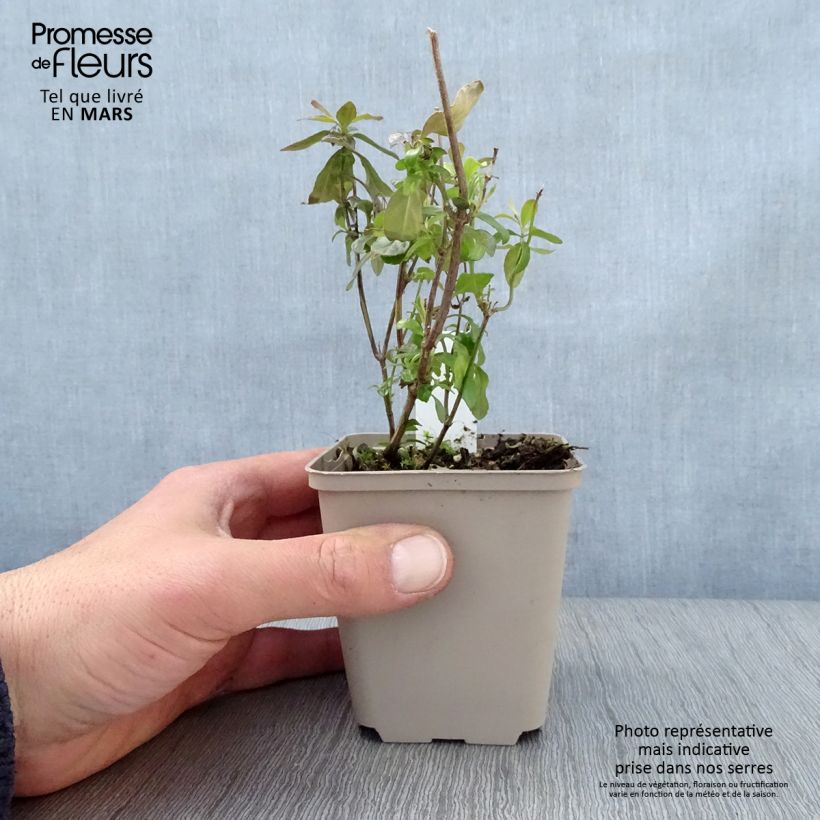 Amostra de Sálvia microphylla Delice Aquamarine Vaso de 8/9 cm tal como entregue na primavera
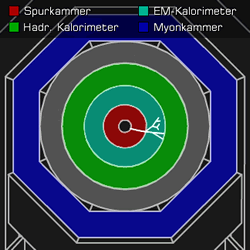 [Grafik] Querschnitt durch einen Detektor mit Spuren in der Spurkammer und im elektromagnetischen Kalorimeter.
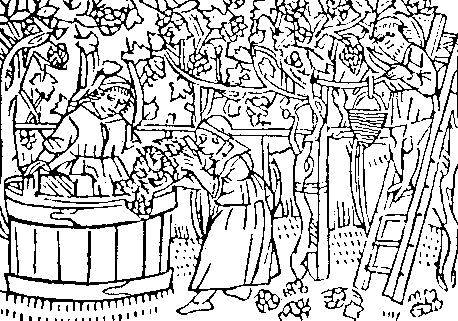 vendemmia.gif (13562 byte)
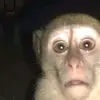 dwiajbjakw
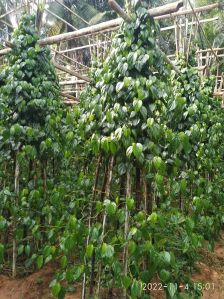 Sweet Betel Leaves, Style : Fresh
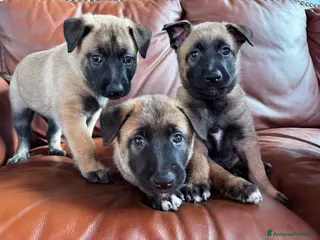 Pastore Belga cani Cuccioli pastore belga Malinois - Annuncio 1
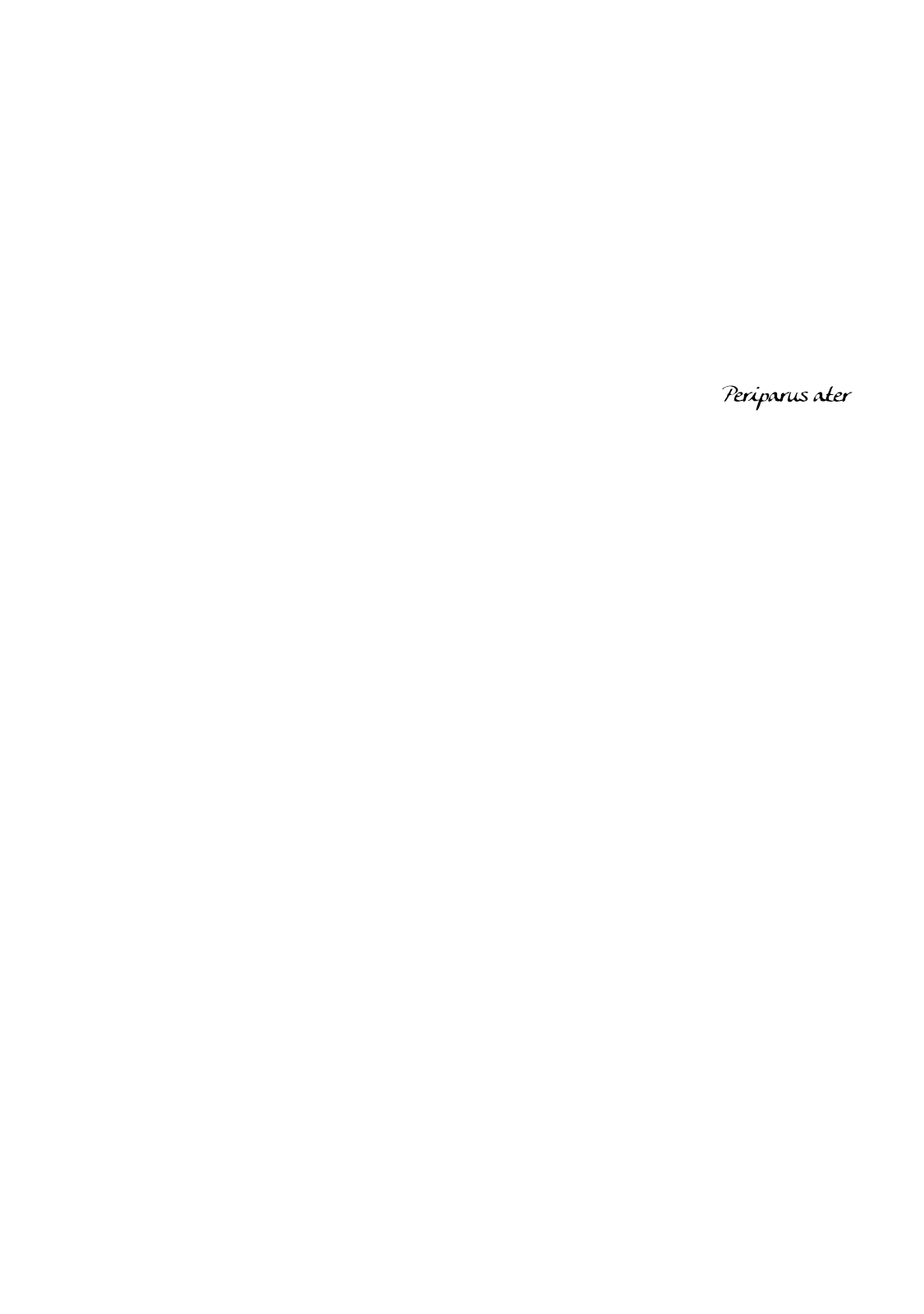 The Story of Letters chapter 3 - page 3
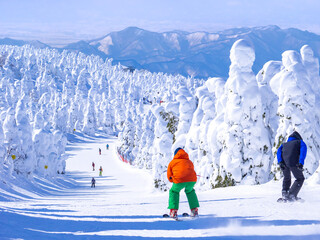 People racing down in a slope through the snow monsters (soft rime). (Zao-onsen ski resort,...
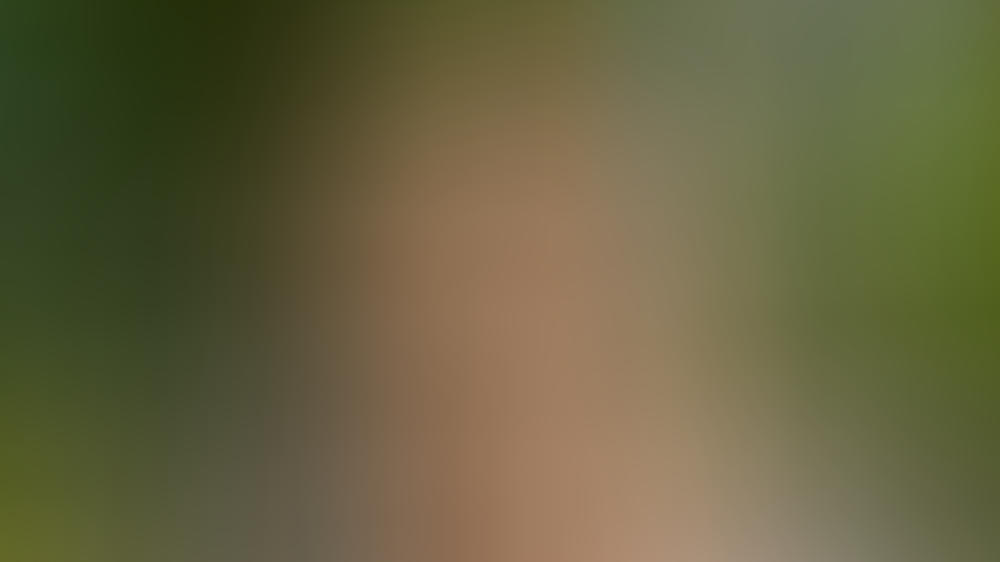 Annette Frier: „Danni Lowinski“-Comeback ist nicht in Sicht Annette Frier kehrt nicht als Danni Lowinski zurück
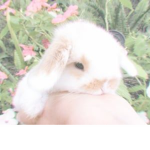 sunny~bunny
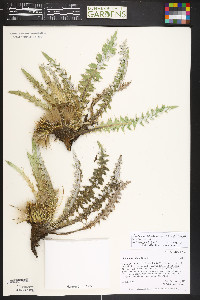 Cirsium tioganum var. tioganum image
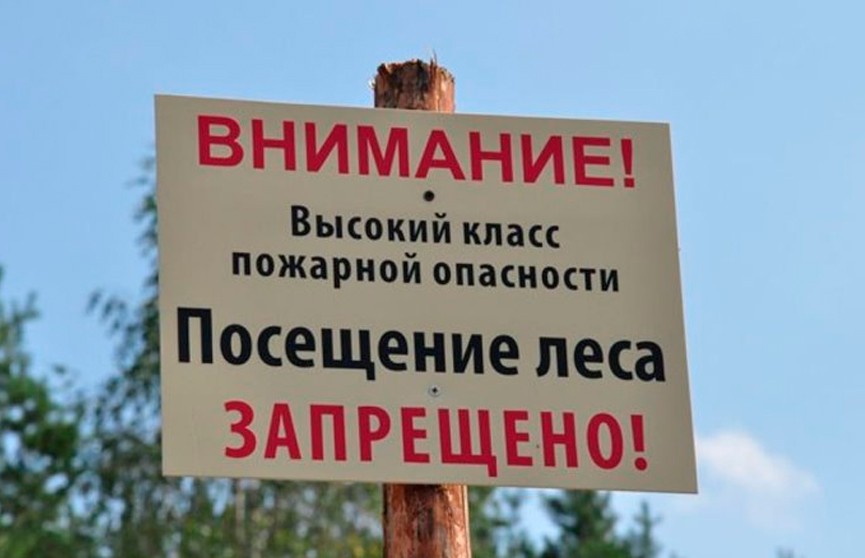 Запрет на посещение лесов введён в Ивацевичском и Берёзовском районах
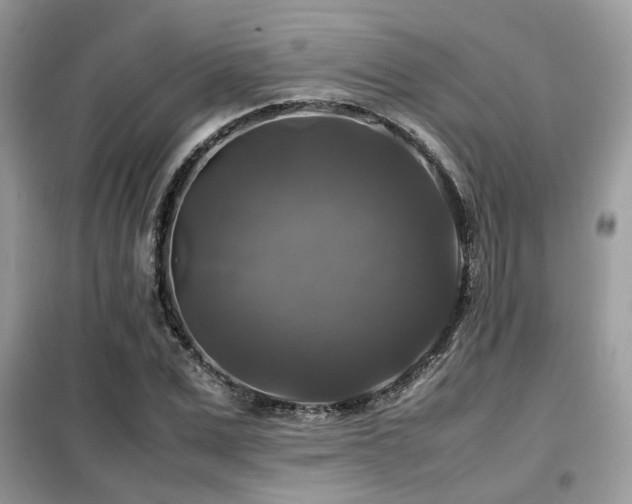 X0000099410975200805091215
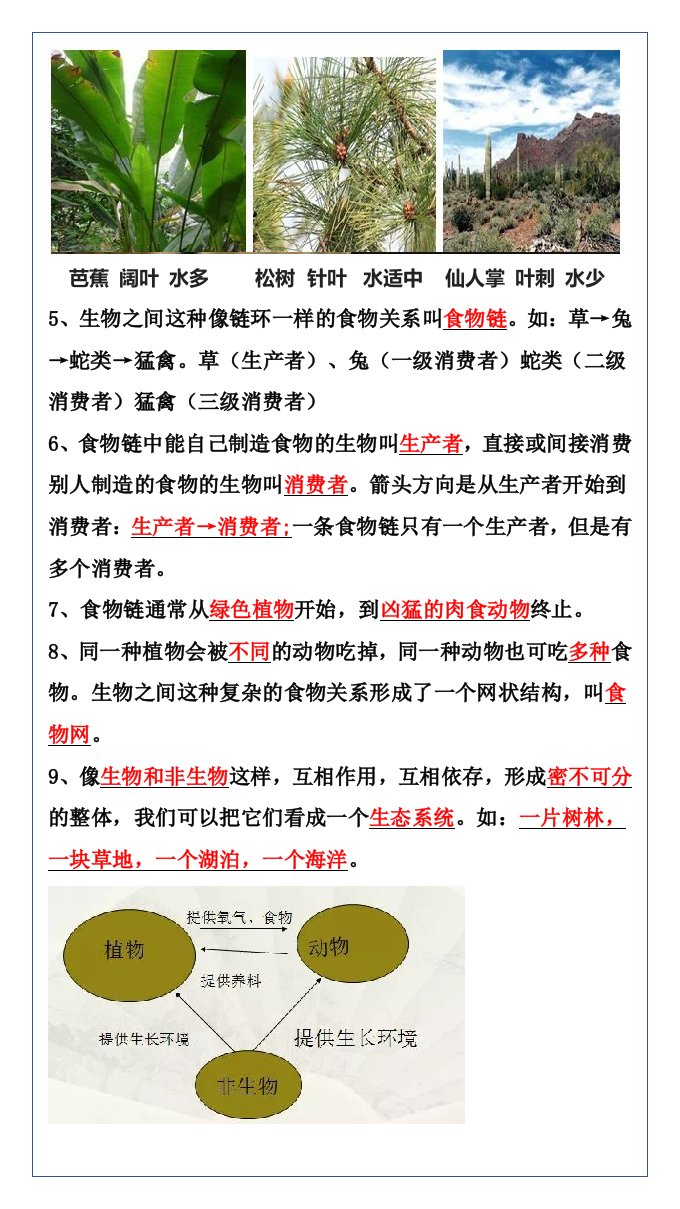 资料预览 第2页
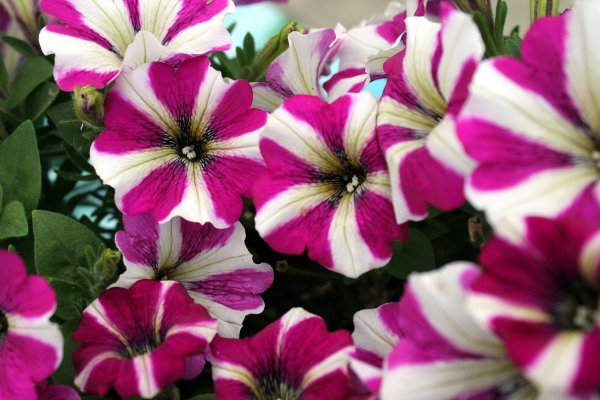 Петуния Potunia Plus White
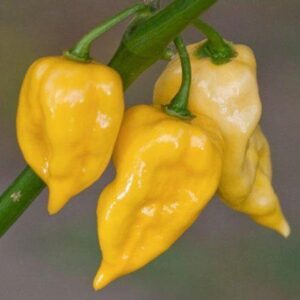 10 Heirloom Lemon Habanero pepper seeds - Spicy/HOT !! Grown in USA ! 2024 ! Specialty ! Atomic !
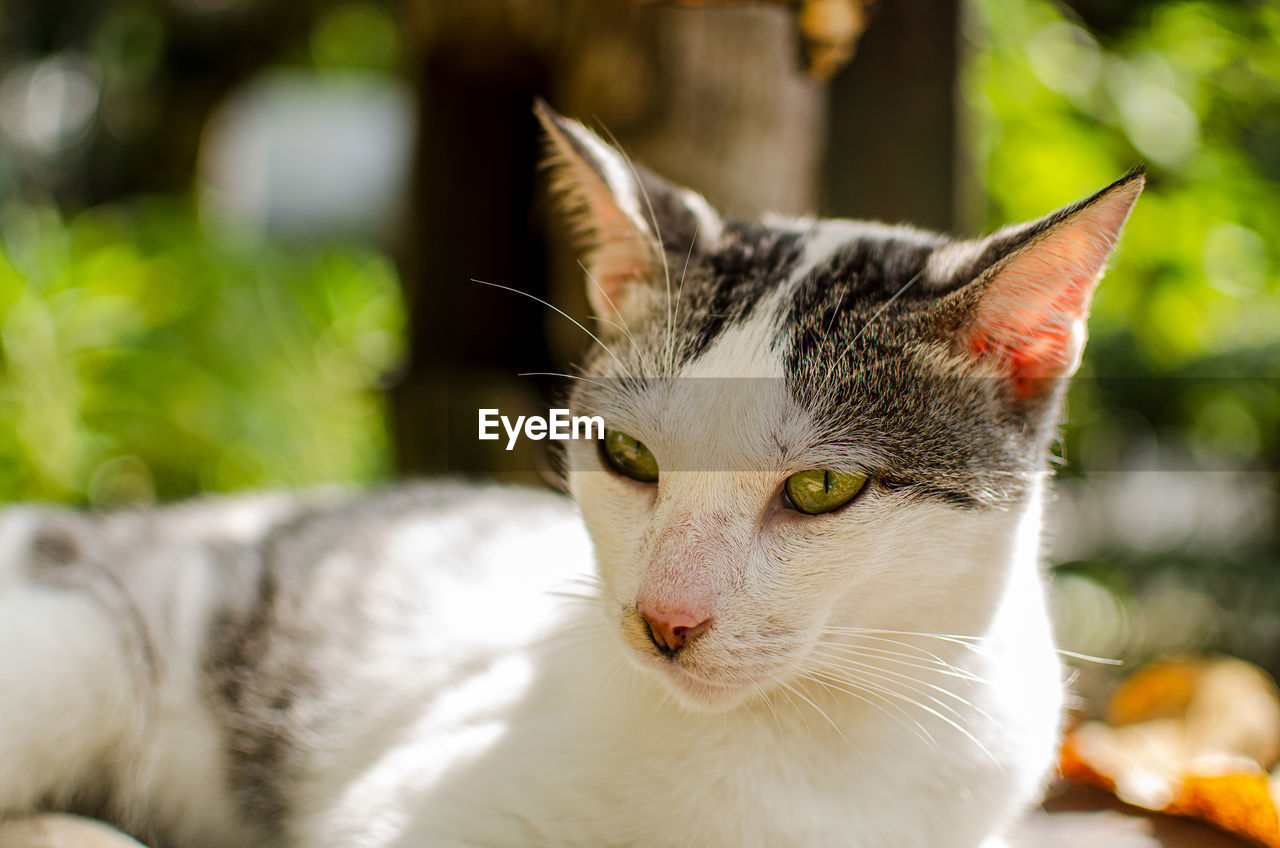 CLOSE-UP OF CAT LOOKING AWAY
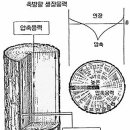 심재와 변재 가운데 어느 것이 더 좋은 목재인가? 이미지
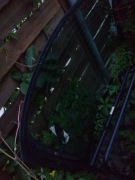 Szyba tylna BMW E36 compact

# # # # #

[YOUR TASK] The reply should hold an exact repeat of the entries from their opening line through the line with "The Story of Letters chapter 3 - page 3", and no pictures at all.

[REPLY TO THE TASK]
 Amostra de Sálvia microphylla Delice Aquamarine Vaso de 8/9 cm tal como entregue na primavera
 [Grafik] Querschnitt durch einen Detektor mit Spuren in der Spurkammer und im elektromagnetischen Kalorimeter.
 vendemmia.gif (13562 byte)
 dwiajbjakw
 Sweet Betel Leaves, Style : Fresh
 Pastore Belga cani Cuccioli pastore belga Malinois - Annuncio 1
 The Story of Letters chapter 3 - page 3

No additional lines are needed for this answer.